Lanre Adenekan a « essuyé une multitude de refus » après l’obtention en 2019 de sa maîtrise en gestion, comptabilité internationale et finance à l’Université de Windsor. Mais cinq ans plus tard, M. Adenekan est bien établi à Windsor. Il est devenu citoyen canadien, a décroché le titre de comptable professionnel agréé et a un emploi d’analyste principal de la trésorerie. « Mon expertise est recherchée », dit-il. Si son diplôme a été un facilitateur, on peut en dire autant de son expérience dans le milieu bancaire du Nigeria, son pays natal, ainsi que de son cheminement professionnel autonome (il a étudié pour décrocher le titre de CPA pendant le confinement pandémique). Or, certain.e.s de ses collègues diplômé.e.s d’origine étrangère se contentent toujours d’un emploi à faible salaire dans le service à la clientèle. Selon lui, le Canada et les universités ne devraient pas gonfler les attentes : il faut plutôt présenter les vraies données d’emploi et bien conseiller les étudiant.e.s quant aux dépenses à prévoir. Les étudiant.e.s ne devraient pas s’attendre à ce que les universités leur donnent absolument tout ce qu’il leur faut pour réussir. « Au début, la vie sera plus difficile. Il faut tracer sa propre voie. »
Tisser des liens
En plus de montrer aux étudiant.e.s de l’étranger que leur valeur va au-delà des droits de scolarité élevés qui leur sont imposés, nous devons inspirer un sentiment d’appartenance, ce qui est particulièrement important si le Canada souhaite voir ces personnes s’installer à long terme. Un sondage mené en 2021 par le BCEI a révélé que plus d’un tiers ne se sentent pas proches de leurs collègues canadien.ne.s. Les étudiant.e.s d’origine étrangère doivent souvent « jouer un rôle actif pour s’adapter à leur université », commente Juana Du, professeure à la maîtrise en communication interculturelle et internationale à l’Université Royal Roads à Victoria, en Colombie-Britannique. Il peut en résulter « une frontière invisible entre les étudiant.e.s de l’étranger et du pays », observe-t-elle, avant d’ajouter que cette réalité vient gâcher ce qu’on présente comme une occasion d’apprendre réciproquement et de tisser des liens. Les travaux de la professeure montrent que les universités doivent faire plus qu’organiser une semaine d’activités d’accueil. Il faut par exemple penser à des moyens permanents d’aider les étudiant.e.s à cultiver des liens, que ce soit en classe, lors d’activités parascolaires ou grâce à une culture de campus qui ne compartimente pas la diversité.

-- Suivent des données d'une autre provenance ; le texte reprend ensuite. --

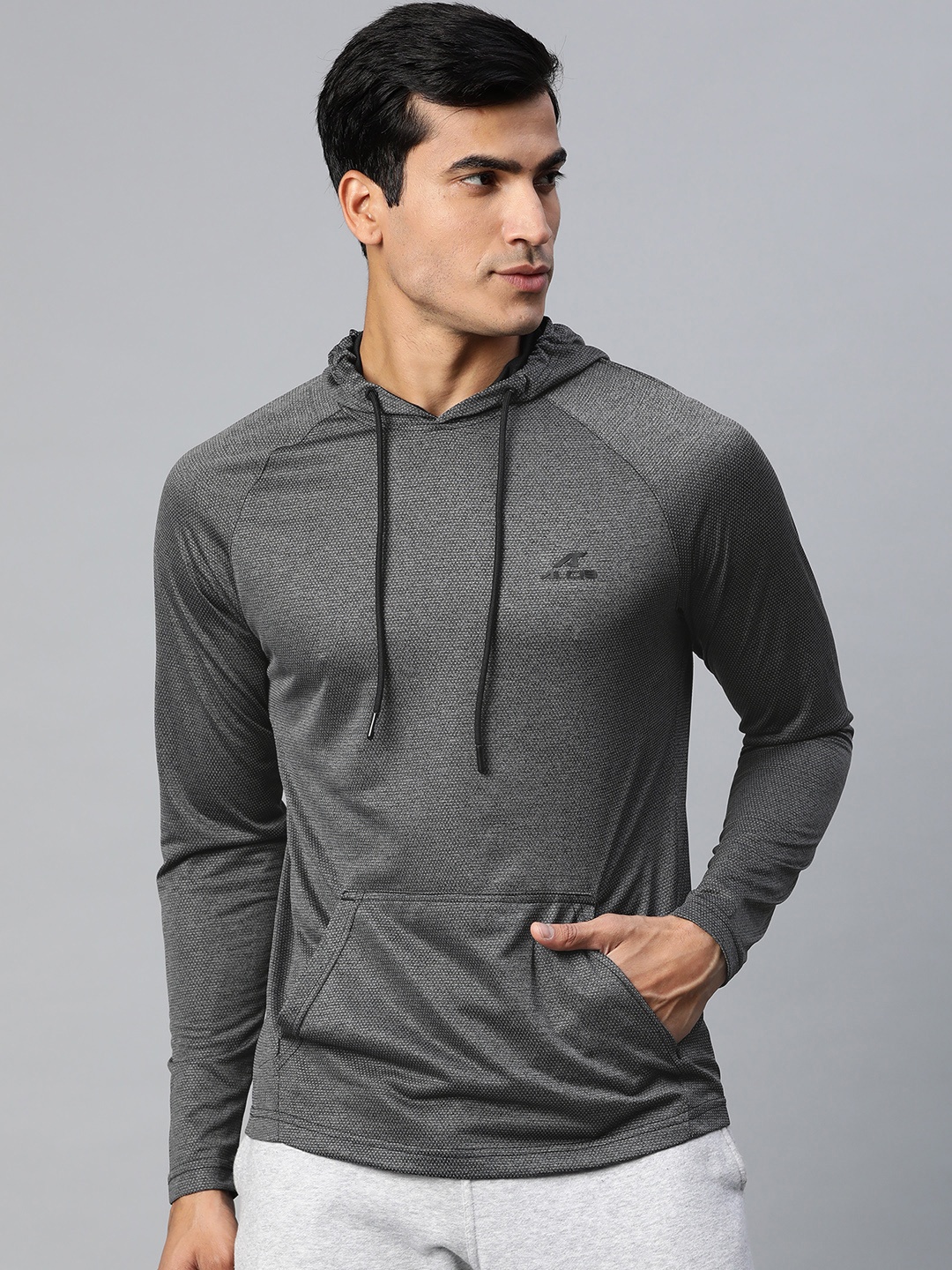 

Alcis Men Charcoal Grey Self Design Hooded Sweatshirt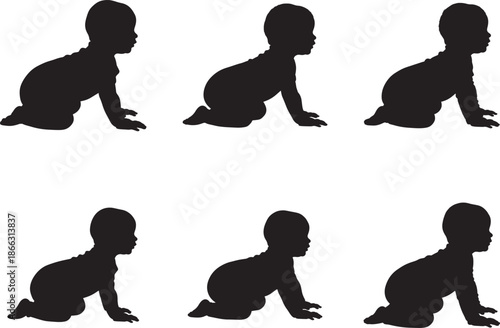 Baby crawling stages in silhouette form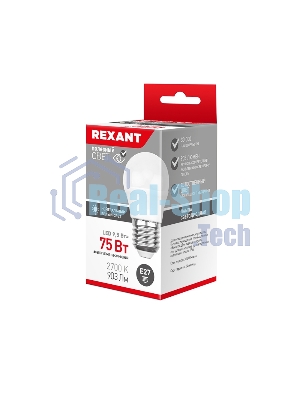 Лампа светодиодная Rexant шарик (GL) 9,5 Вт E27 903 лм 2700 K теплый свет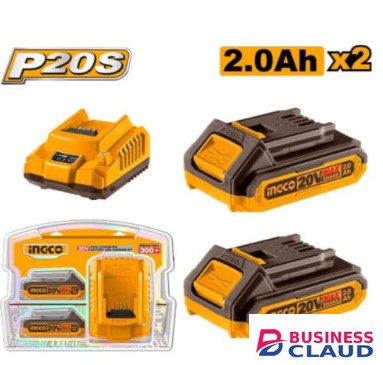 Ingco FBCPK1222 20V LI-ION 2.0Ah Battery and Charger Kit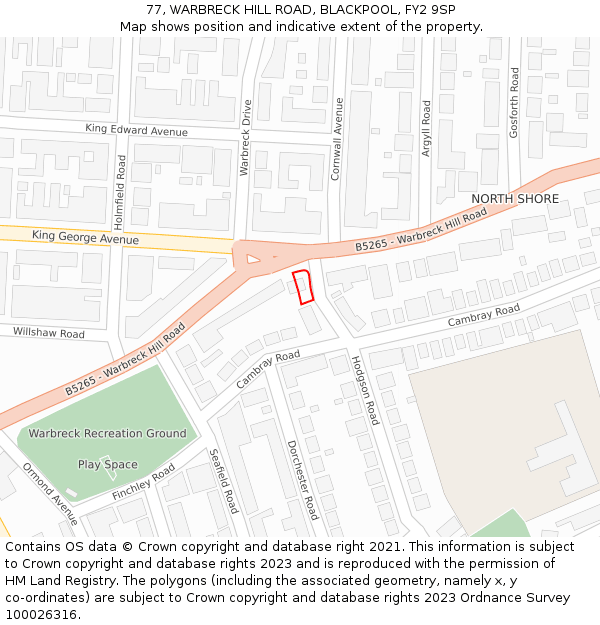 77, WARBRECK HILL ROAD, BLACKPOOL, FY2 9SP: Location map and indicative extent of plot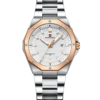 NaviForce NF9200 Rose Gold Case Silver Chain Men's Gift Watch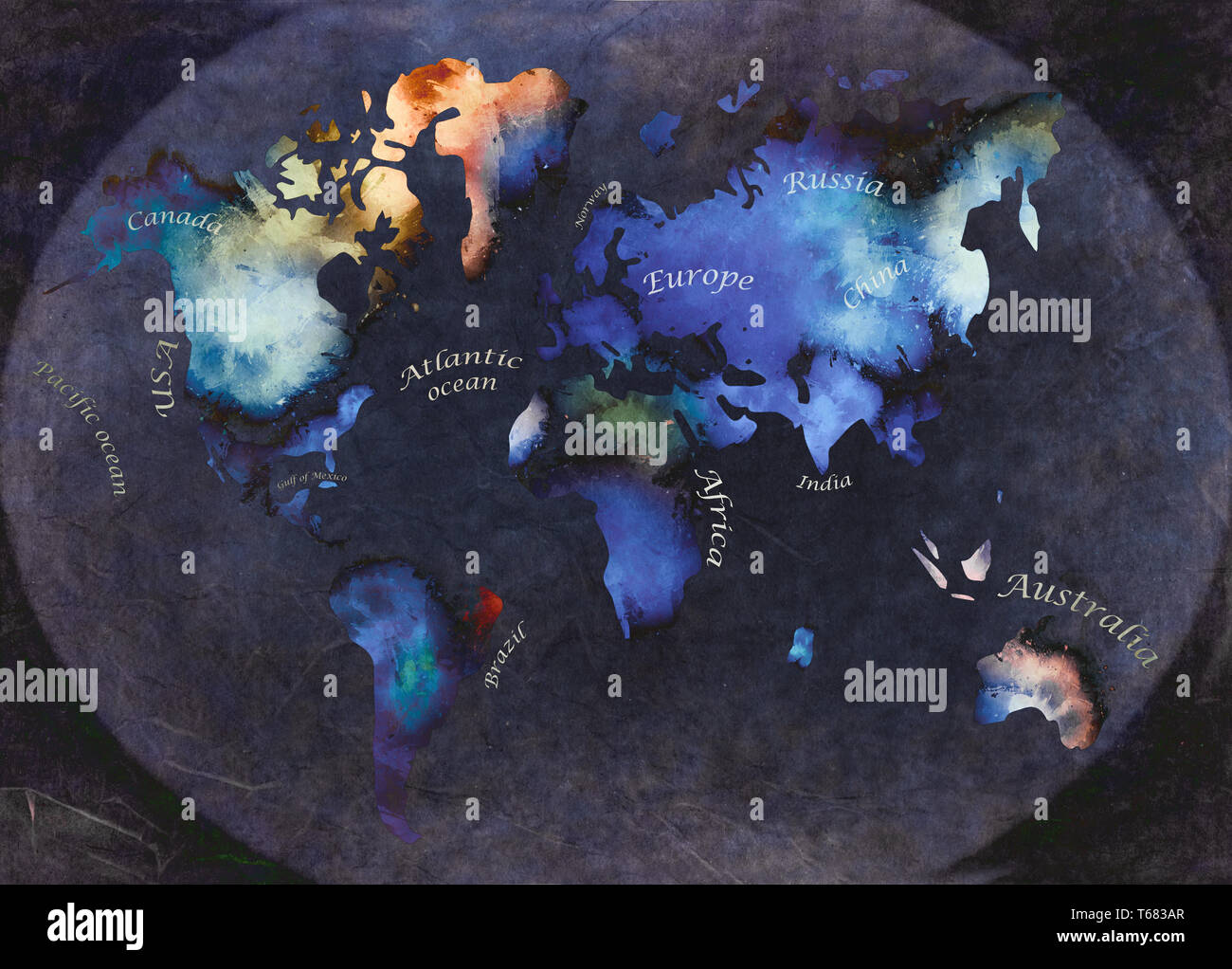 Acquerello mappa del mondo su sfondo scuro Foto Stock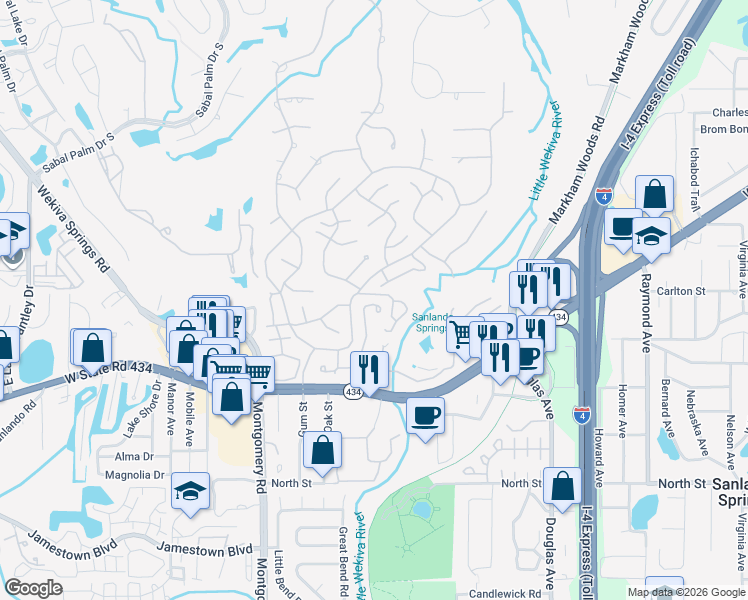 map of restaurants, bars, coffee shops, grocery stores, and more near 288 Springside Road in Longwood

Depuis que ses activités de recherche l’ont menée aux mêmes conclusions, c’est ce que tente de mettre en place Saba Safdar dans son cours de troisième année en psychologie interculturelle à l’Université de Guelph. Des étudiant.e.s du pays et de l’étranger font équipe pour creuser un sujet interculturel, comme l’amitié, s’intéressant aux différents modes d’expression et écrivant sur la question selon l’angle de la psychologie. Les étudiant.e.s d’origine étrangère « n’interagissent pas assez avec les étudiant.e.s de nationalité canadienne… Plus on a d’interactions, plus on remet en question certaines idées et je crois que c’est une manière novatrice de créer des liens entre étudiant.e.s », explique Mme Safdar. Mais pour que les effets perdurent, « il nous faut des groupes de travail, il nous faut du leadership, il nous faut des comités qui se réunissent pour faire éclore ces idées ». Il serait utile d’offrir des services adaptés aux besoins des étudiant.e.s originaires de l’étranger, par exemple du mentorat individuel, poursuit-elle, mais les bureaux d’études étrangères sont souvent surchargés et en sous-effectif. Même quand il y a de tels services, ceux-ci ne sont pas toujours connus ou utilisés. En revanche, certains établissements, comme l’Université de Calgary, font appel à des étudiant.e.s bénévoles du pays afin d’opérer des programmes de pairs pour aider les recrues de l’étranger à comprendre le fonctionnement de l’établissement, jusqu’aux petits détails comme la possibilité de cogner à la porte d’un.e professeur.e ou d’abandonner un cours sans pénalité après un premier examen.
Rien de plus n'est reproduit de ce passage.